La dignidad del ser humano debe llevarnos a saber expresarle nuestro amor y a saber valorarlo por quien es. El pecado original lleva a que el ser humano invierta los valores y le dé preeminencia a la búsqueda de la satisfacción de los sentidos[1].
Juan Pablo II analiza el comienzo de la vergüenza relatado en el libro del Génesis. Una vez Adán y Eva comen del fruto prohibido: “…se les abrieron los ojos y ambos se dieron cuenta de que estaban desnudos. Cosieron pues unas hojas de higuera, y se hicieron unos taparrabos. Oyeron después la voz de Yavé Dios que se paseaba por el jardín, … El hombre y la mujer se escondieron entre los árboles del jardín para que Yavé Dios no los viera.
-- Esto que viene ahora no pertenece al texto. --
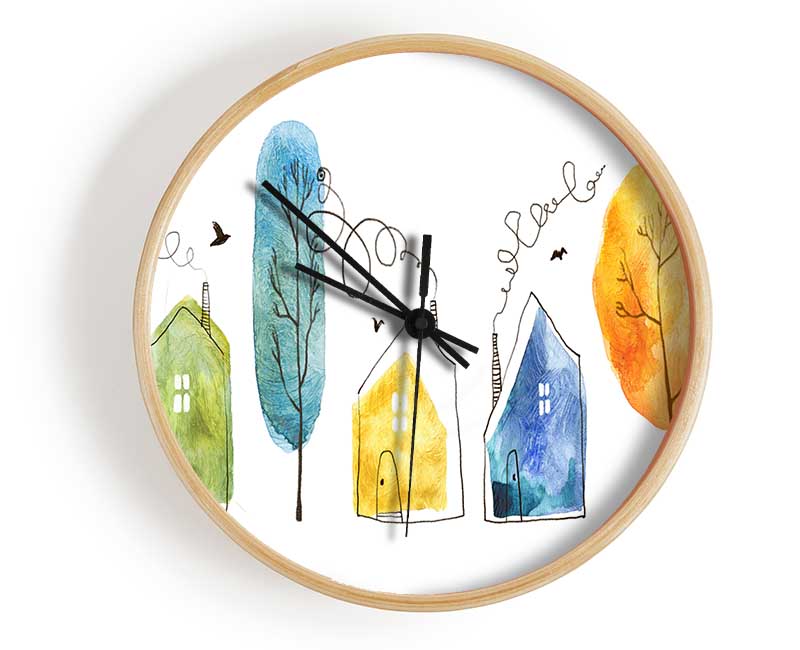 Smokey House And Trees Clock - Wallart-Direct UK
Yavé Dios llamó al hombre y le dijo: «¿dónde estás?». Este contestó: «He oído tu voz en el jardín, y tuve miedo porque estoy desnudo; por eso me escondí»” (Gen 3, 7 y 9-10).
El pudor natural nos lleva a ocultar nuestros cuerpos con las prendas de vestir con el objeto de evitar que nos miren con burla o con intenciones de usarnos cual vaso desechable. Lo que buscamos es que nos miren y nos amen por quienes somos, es decir, de la misma manera como nos mira y nos ama Dios.
Cuando una mujer o un hombre se visten de tal modo que resalte su cuerpo, en cierta manera está expresando que lo mejor que tiene es el cuerpo. ¿No tienes nada más que ofrecer? ¿Qué hay de tu experiencia, tu inteligencia, tu sensibilidad, tu ternura?, ¿Qué hay de la totalidad de tu ser? ¿Qué hay de tu capacidad de expresar el amor y tu capacidad de vivir el hecho de que Dios te ha querido por tí mismo como ser único e irrepetible?
[1] La búsqueda de la satisfacción de los sentidos se llama “sensualidad”, y cuando lo estableces como fin y fundamento, se llama "hedonismo".